Kafka is a messaging system, where it takes it large amount of data from various sources (Producers), and allows various services to read the data off it (Consumers). Central to the architecture is something called a Kafka Broker, which handles the messages coming in and out (just like a broker does).
Kafka was created by former LinkedIn data engineers, and the whole reason for that was to facilitate quick and scalable passing of messages.
Under The Hoods of Kafka
As mentioned above, the central piece is something called a Kafka broker, and within the broker are 2 more important components:
How these gel together are: Kafka has a set of Topics, which are distinct logical grouping of messages. One topic could contain messages pertaining to the weather, while the other topics could have messags about the traffic.
Each Topic is then partitioned into… Partitions. This allows parallel access to the various messages in a Topic. To track where the reading of the Partitions have happened until, the Partitions are further broken down into Segments. Each Segment stores a certain amount of messages, before a new Segment is formed.
A single Kafka cluster can have multiple brokers for redundancy. Each Parition is replicated across the various brokers. There is then a concept of a Partition leader and followers, where one of the replicas handle the read/write requests (thereby changing the index and data appended), while the rest of the replicas copy the changes made to the leader.
Partition Reading and Zero Copy
Tracking of the read data is handled by the consumer. The consumer is responsible for tracking the offset position of the log, which is where it was last read until. After reading the messages, the consumer has a choice of how to move the offset, be it linearly downwards, or resetting to the top to reread all the messages.
These Partitions are read only, and append only. And because we have an index keeping track of where the last message was read, message retrival is exactly O(1).

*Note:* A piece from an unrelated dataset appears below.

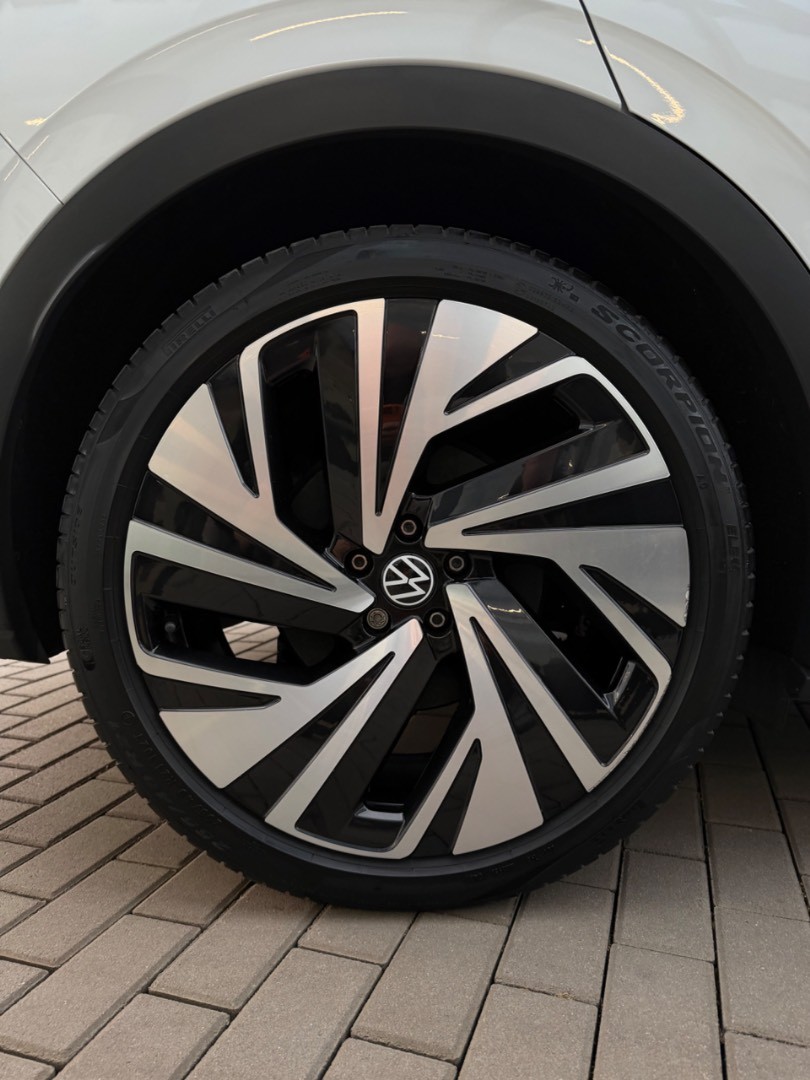 Volkswagen ID.4 GTX 4Motion 77kWh/220kW TEPELKO FULL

Another reason for Kafka’s speed of data transfer is due its adoption of Zero-Copy, which is a kernel level transferof data, instead of going through the User Land, and Kernel Space. Zero-Copy
Within each topic, writing to a partition is done in a round robin manner. And as mentioned, writing to a partition is append only. This means that a producer wanting to write also operates at O(1)
The producer can also specify which partition to write to by attaching a key to the message. All records with the same key will go to the same partition.

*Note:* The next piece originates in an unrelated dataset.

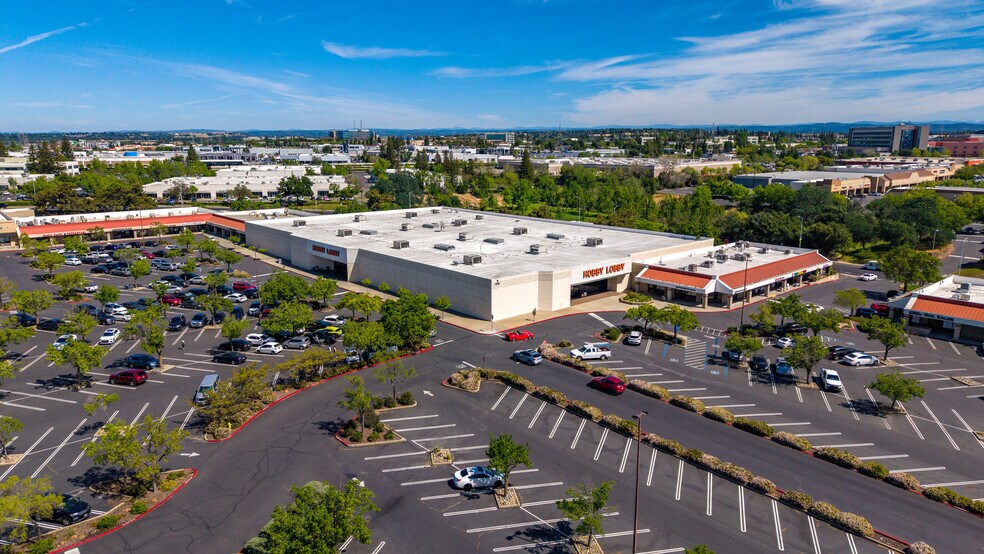 1815 Douglas Blvd, Roseville, CA à vendre - Photo du bâtiment - Image 2 de 8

Before a producer write to Kafka, it has to request for metadata, which tells it who is the leader to write to. One common error is setting the key to null or the same, and all the messages end up in the same partition, which defeats scalability.
Consumers and Consumer Groups
Low-Level Consumer is a single consumer, while a High-Level Consumer is a group of consumers, called a Consumer Group.

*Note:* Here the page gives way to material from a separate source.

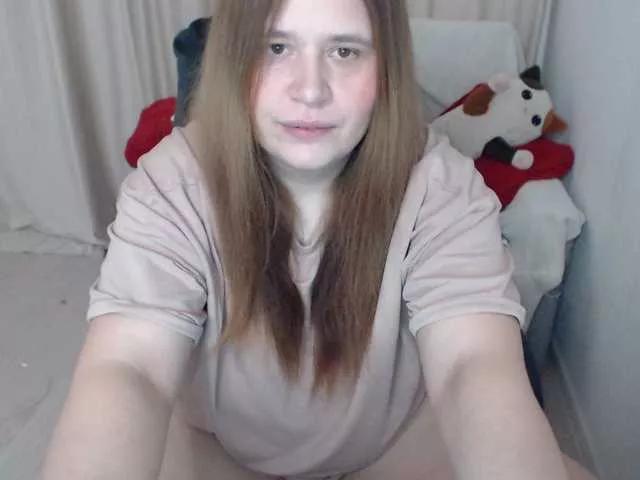 Discover our girls online shows and discover the company of countless livestreamers, with stunning shapes, sex toys and more.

The broker dictates which consumer should read from which partition. 1 partition can only be read by 1 consumer, while 1 consumer can read from many partitions (Many-to-One). Because of this, when your number of consumers = number of partitions, optimization makes it One-to-One relationship. Adding more consumers are useless, as each partition is already occupied by a single consumer.
Messages are never pushed down to the consumers, but are always pulled.